How have we shaped our curriculum to meet the needs of contemporary ministry?
Our primary focus has always been on ministry—in churches, in chaplaincy, and in various other contexts, with our scholarship in service of that focus. So when we reshaped our curriculum recently, we tried to center it even more carefully in theologically reflective preparation for actual ministry practice. In every course in the classical areas of theological study, we make connections and encourage reflection on ministry practice; and in every area of practical study, we offer critical theological reflection on those areas of practice. Further, we have several integrative courses that challenge students at various stages to exercise their imaginations as they pull together the knowledge they’ve acquired, developing ministerial identity and vision and cultivating habits, practices, and competencies for ministerial leadership.
How does the diversity of our student body contribute to the educational experience?
We realize that opportunities to diversify our faculty will come slowly, but the present faculty is mindful of the absolute necessity of giving voice to diverse perspectives on the church and on our fields of study, in spite of the fact that much of our own training has been in spaces and discourses dominated by whiteness. Having a diverse student body holds our feet to the fire in that regard. For every assignment we shape, student responses help us to gauge how well we have engaged perspectives that are meaningful beyond the experience of white Christians. In the give and take of classroom discussion, the students teach us and each other out of their own personal experiences and those of their communities of faith. The learning experience for faculty and students alike is exponentially richer for the added diversity of our community.
What is BSK doing to make sure distance education opportunities are high quality?
In the summer of 2020, the faculty met weekly (over Zoom) to explore both technological and pedagogical aspects of our new mode of teaching. We are fortunate to have administrative leadership that is savvy and experienced with digital media, bringing a wealth of insights that translate into increasing confidence from the faculty in our ability to teach well in this strange new world of distance education. We have solicited feedback from students, trawled the discussion posts of our higher education peers, attended webinars, and read old-fashioned print books about teaching in various distance education contexts. We have also been able to leverage our earlier experience with our learning management system and Zoom technology to enlarge our toolbox of teaching resources.
How will the partnership with the Cooperative Baptist Fellowship of Virginia and the establishment of the Institute for Black Church studies impact BSK’s mission?

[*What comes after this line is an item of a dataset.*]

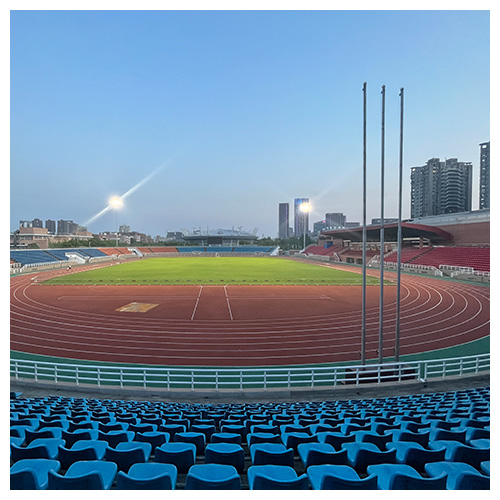 东丽杭州电子科技大学混合型塑胶跑道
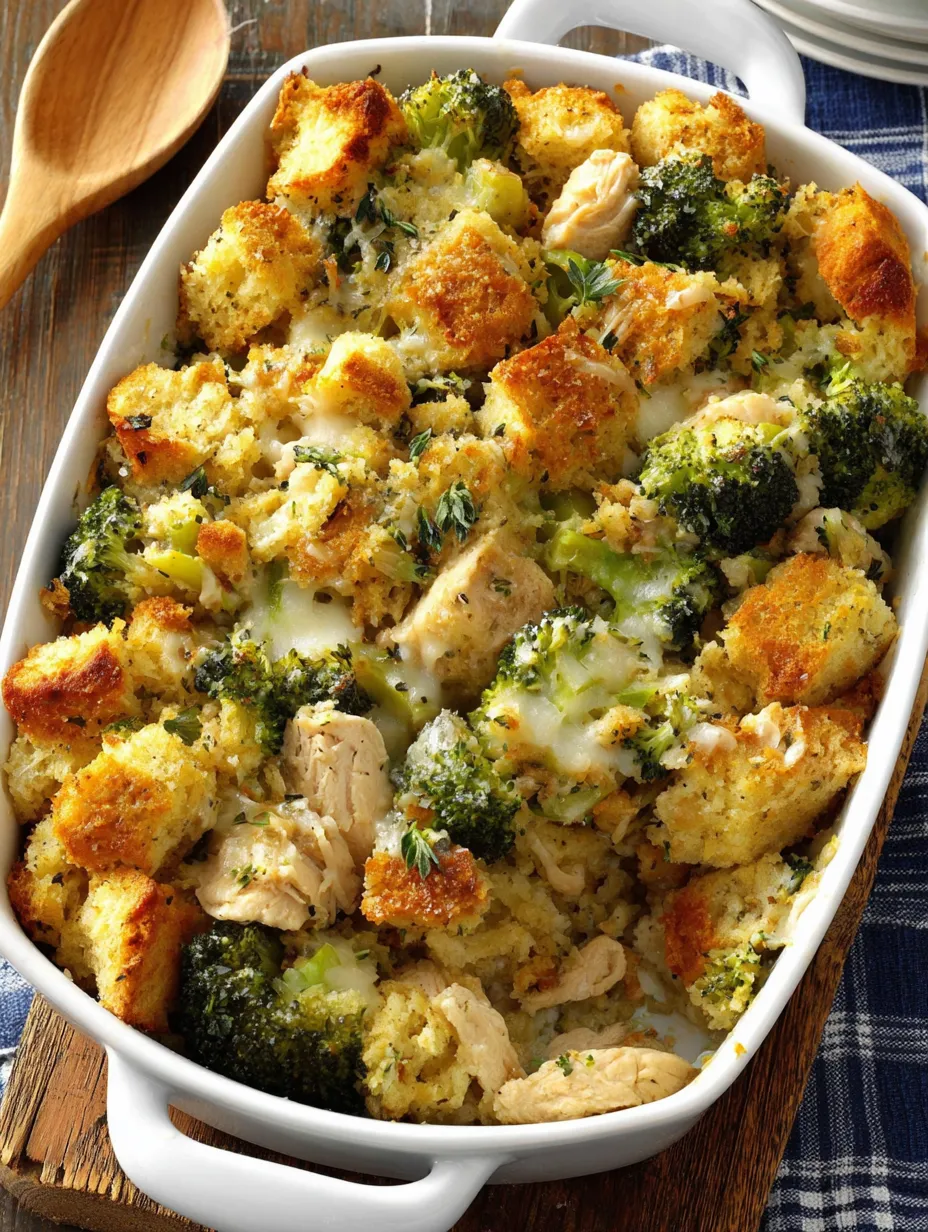 A baked dish with chicken and Swiss cheese.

These initiatives are perhaps emblematic of the communities of faith we find ourselves seeking to strengthen and build bridges between. The CBF Virginia churches share with us a recognition of the need for new models of theological education that fit the present needs of churches, as well as a calling to reflect critically on our heritage and open ourselves to the mission of God that includes racial justice and a more diverse ecclesial vision. The Institute for Black Church Studies will open us up to a world of possibilities for engagement with the Black church and a theological vision that can challenge our truncated theological heritage and help move us toward a more holistic understanding of God’s working among us.